CartoDB / data-services

CARTO internal geocoder PostgreSQL extension
25 stars 11 forks source link

evaluate openmundi for admin0 synonyms #62

Closed andrewxhill closed 10 years ago

andrewxhill commented 10 years ago

https://github.com/openmundi/world.csv

iriberri commented 10 years ago

I've created this table: https://geocoding.cartodb.com/tables/testing_countries/table which contains the csv file with iso2 codes and names for the countries.

Right now the result is:

Using names 216 out of 249 rows were successfully turned into polygons!

Failed:

Western Sahara
Congo DR
Cook Islands
Bonaire (Sint Eustatius and Saba)
Bouvet Island
British Indian Ocean Territory
Brunei Darussalam
Christmas Island
Cocos (Keeling) Islands
Guadeloupe
Faroe Islands
French Guiana
French Southern Territories
Heard Island and McDonald Islands
Saint Martin (French)
Marshall Islands
Martinique
Northern Mariana Islands
North Korea
Pitcairn
Mayotte
South Korea
Svalbard and Jan Mayen
Virgin Islands (British)
Virgin Islands (US)
Wallis and Futuna
Réunion
Sint Maarten (Dutch)
Solomon Islands
South Georgia and the South Sandwich Islands
United States Minor Outlying Islands
Vatican City
Tokelau

Using ISO codes

237 out of 249 rows were succesfully turned into polygons!

Failed:

Cocos (Keeling) Islands
Christmas Island
Bouvet Island
Guadeloupe
French Guiana
Norway
Mayotte
Réunion
Tokelau
Svalbard and Jan Mayen
Bonaire (Sint Eustatius and Saba)
Martinique
iriberri commented 10 years ago

@andrewxhill I understand I must make sure that all the names appearing in the first block that don't appear in the second one are available through synonyms table. Basically, it means we have the geometry (available by iso2) but we don't recognize it by the correct name.

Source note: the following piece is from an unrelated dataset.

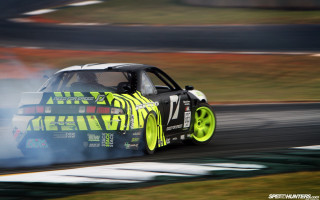 Car yellow wheels smoke track - a track free wallpaper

I've also noticed in the second table Norway appears. I'll check the issue with the iso2 code for this country.

Related: https://github.com/CartoDB/data-services/issues/41

andrewxhill commented 10 years ago

Yeah, because screw Norway!

Nah, jk. Good stuff. Let's try to pick off the obvious ones, more complicated ones we can push lower in priority until the other stuff is complete

iriberri commented 10 years ago

I have run again the geocoding process after adition of synonyms:

228 out of 249 (by name)

Missing:

Bouvet Island
Cocos (Keeling) Islands
**Guadeloupe**
**French Guiana**
Christmas Island
**Martinique**
Pitcairn
Mayotte
**Virgin Islands (US)**
**Réunion**
Sint Maarten (Dutch)
**Vatican City**
South Georgia and the South Sandwich Islands
Virgin Islands (British)
Saint Martin (French)
Tokelau
Svalbard and Jan Mayen
French Southern Territories
Brunei Darussalam
Bonaire (Sint Eustatius and Saba)
**Congo DR**

I'll manually check if we already have some of these regions and add manual synonyms if needed.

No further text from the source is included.